The script works as I need it to in terms of hunting the files and outputting all the contents to a single xml file. 在搜寻文件并将所有内容输出到单个xml文件方面，脚本可以按我的需要工作。 However I would like it to add in the file path as well so I know the location of each given file it has found. 但是我也想在文件路径中添加它，因此我知道它找到的每个给定文件的位置。 This is my code so far: 到目前为止这是我的代码：

import glob

lines=[] #list
for inputfile in glob.glob('D:\path\to\scan\**\project_information.xml', recursive=True): 
    with open ('D:\path\result\output.xml', 'w') as out_file:
        with open (inputfile, "rt") as in_file:  
            print("<projectpath>", inputfile, file=out_file)
            for line in in_file: 
                lines.append(line.rstrip('\n'))
            for linenum, line in enumerate(lines):
                print(line, file=out_file)

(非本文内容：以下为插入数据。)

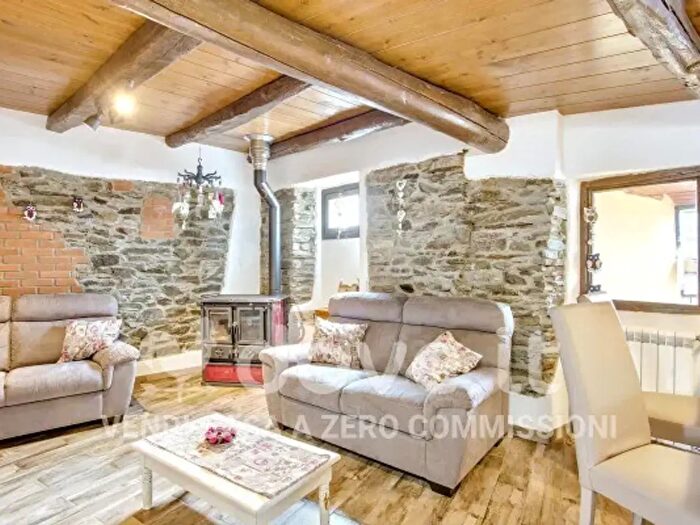 Casa con 5 locali in vendita in Piazza Castello, Maccagno con Pino e Veddasca
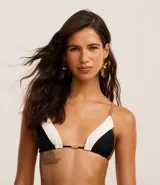 Top de bikini triangular fruncido con recortes tricolores en el busto, breteles ajustables, copa desmontable y lazo en la espalda.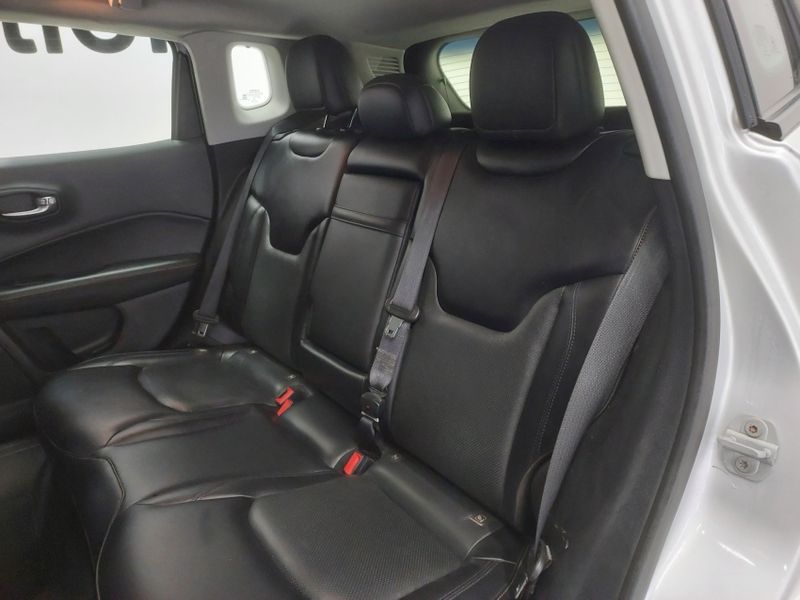 JEEP COMPASS 2.0 16V FLEX LIMITED AUTOMÁTICO 2017/2017 BETIOLO NOVOS E SEMINOVOS LAJEADO / Carros no Vale JEEP COMPASS 2.0 16V FLEX LIMITED AUTOMÁTICO 2017/2017 BETIOLO NOVOS E SEMINOVOS LAJEADO / Carros no Vale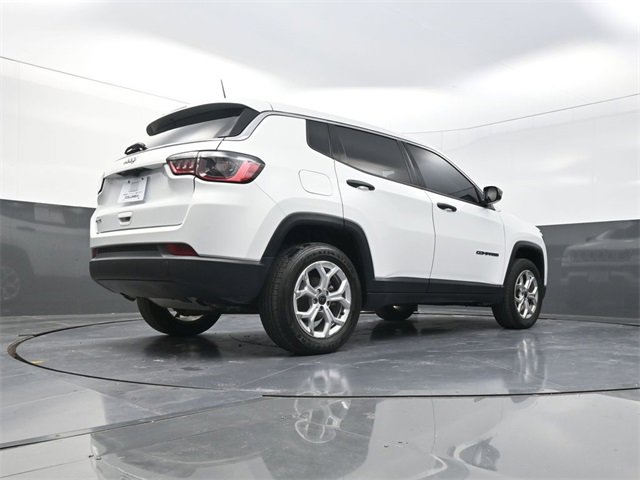Used 2025 Jeep Compass Sport image 23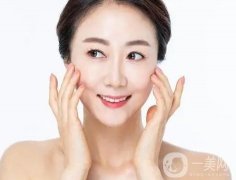 50歲以后的女性如何去除皺紋，保持精致美麗？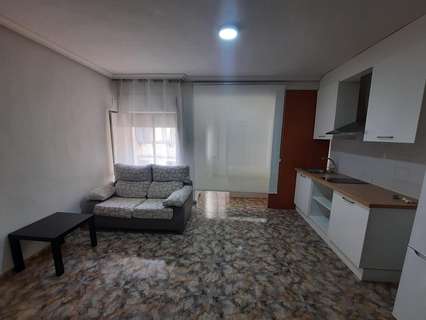 Apartamento en alquiler en Almansa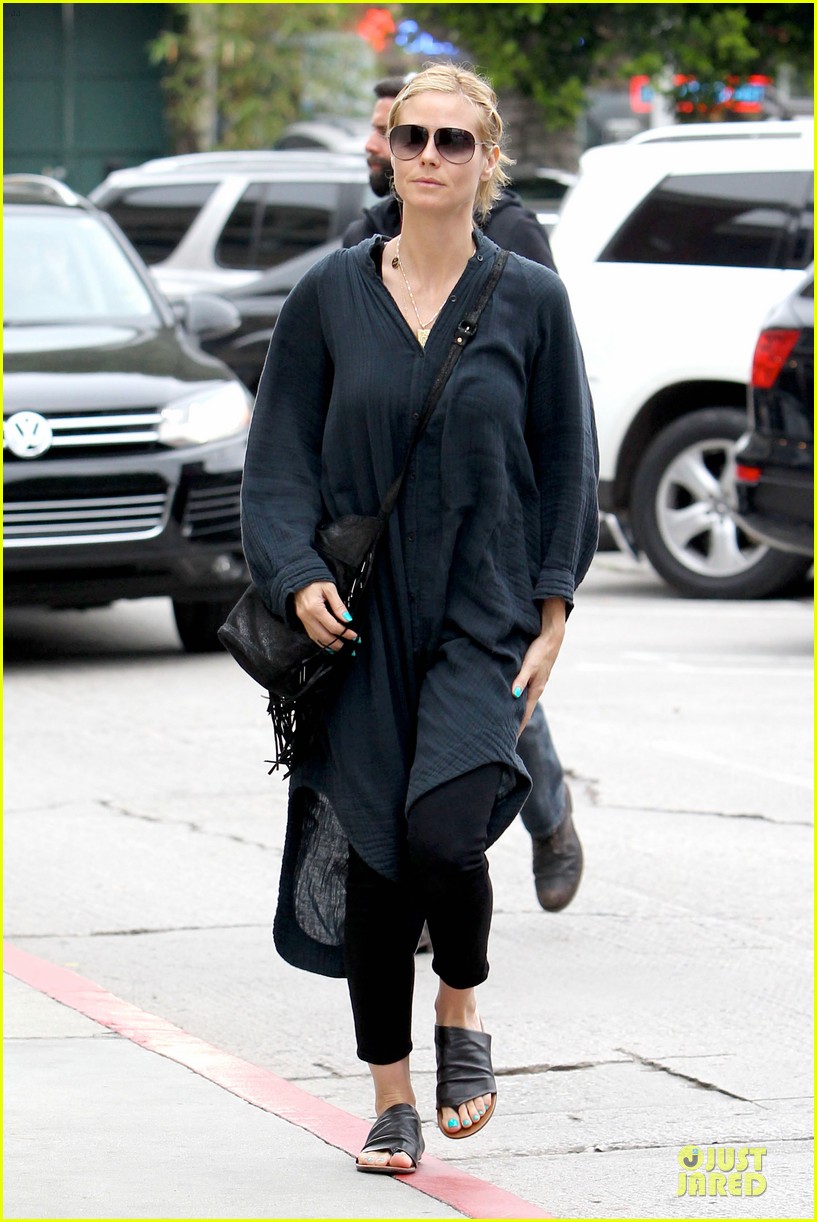 Heidi Klum Remembers Her Pregnant Days with Throwback Baby Bump Pic(02)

Each project_information.xml the script looks for looks like the below: 脚本查找的每个project_information.xml如下所示：

<project>
<name>project1</name>
<Projection>UTM84-30N</Projection>
<Build>Jan 30 2015</Build>
</project>

Ideally for every entry that is found and subsequently added to my output I would like it write the file path within the tag. 理想情况下，对于找到的每个条目，然后将其添加到我的输出中，我希望它在标记中写入文件路径。 (You may have guess this is an XML table to go in to Excel) for example - （您可能会猜想这是要插入Excel的XML表），例如-

<project>
**<filepath>C:\path\to\file\**
<name>project1</name>
<Projection>UTM84-30N</Projection>
<Build>Jan 30 2015</Build>
</project>
<project>
**<filepath>C:\path\to\file\blah\**
<name>project2</name>
<Projection>UTM84-30N</Projection>
<Build>Jan 30 2015</Build>
</project>

I thought adding a line after the with statement would do it but that only appears to print the first occurrence and not get in the loop - Not only that even if that did work, it wouldn't be within the parent tag. 我以为在with语句之后添加一行会做到这一点，但这似乎只显示第一次出现的内容，而不会进入循环-不仅如此，即使它确实起作用，也不会在父标记内。

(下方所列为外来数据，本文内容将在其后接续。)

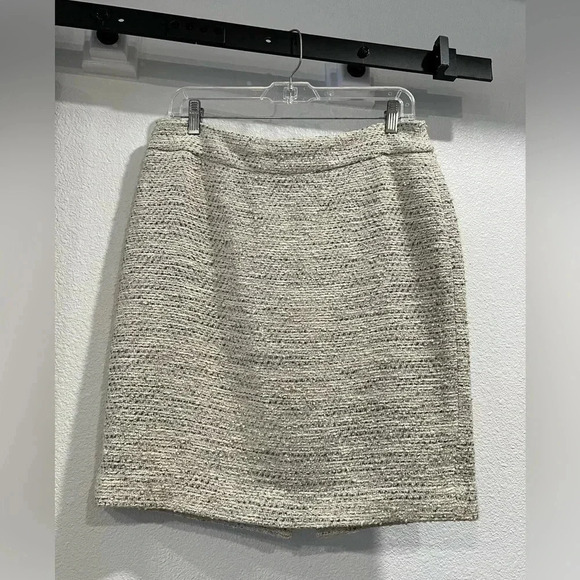 Ann Taylor Gray Pencil Skirt - Picture 1 of 6
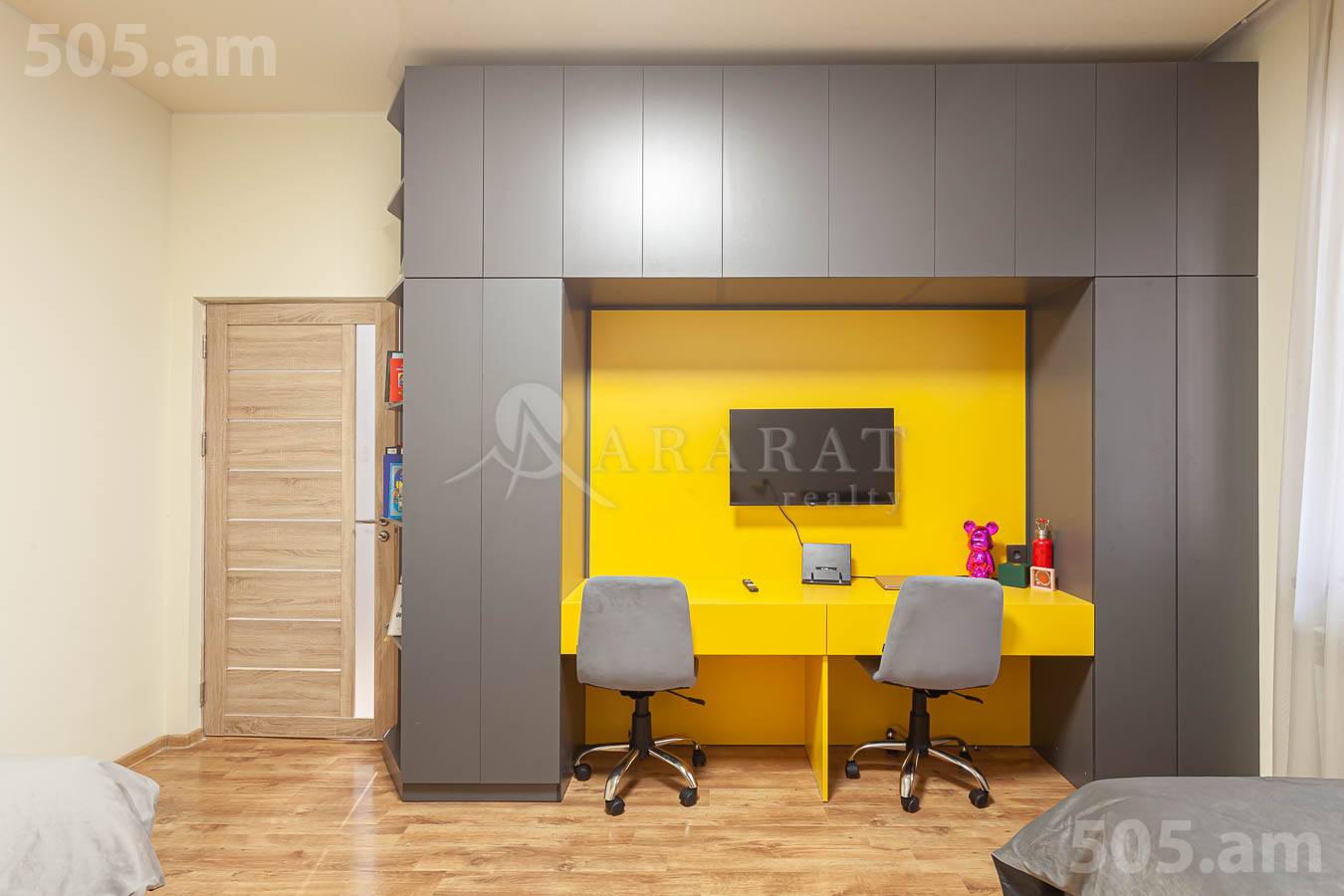 3 սենյականոց բնակարան  Մ․ Մելքոնյան փող, Կենտրոն Երևան, 153610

print("<projectpath>", inputfile, file=out_file)

Pretty new to python so any suggestions or changes to my crude code are very much appreciated! python非常新，因此非常感谢我对原始代码的任何建议或更改！

############UPDATE ############ UPDATE

So as @olinox14 suggested I had a look at the lxml module and got it to add a new tag in with that. 因此，正如@ olinox14建议的那样，我查看了lxml模块，并在其中添加了一个新标签。

 tree = ET.parse(in_file) root = tree.getroot() for child in root: folder = ET.SubElement(child, 'folder') folder.text = (in_file.name) tree.write('C:\\\\output\\\\output2.xml')

Answer 1

Many things here: 这里有很多东西：

AsGPhilo said in the comments, consider using a dedicated library to handle XML files, most known is lxml . 正如GPhilo在评论中所说，请考虑使用专用库来处理XML文件，最著名的是lxml 。
You should permute your for inputfile in... and with open(...) as out_file to avoid opening/closing this file at each iteration 您应该将输入文件置换for inputfile in...并with open(...) as out_file以避免在每次迭代时打开/关闭此文件
Do not use print(..., file=...) when you can use out_file.write(...) 可以使用out_file.write(...)时不要使用print(..., file=...) out_file.write(...)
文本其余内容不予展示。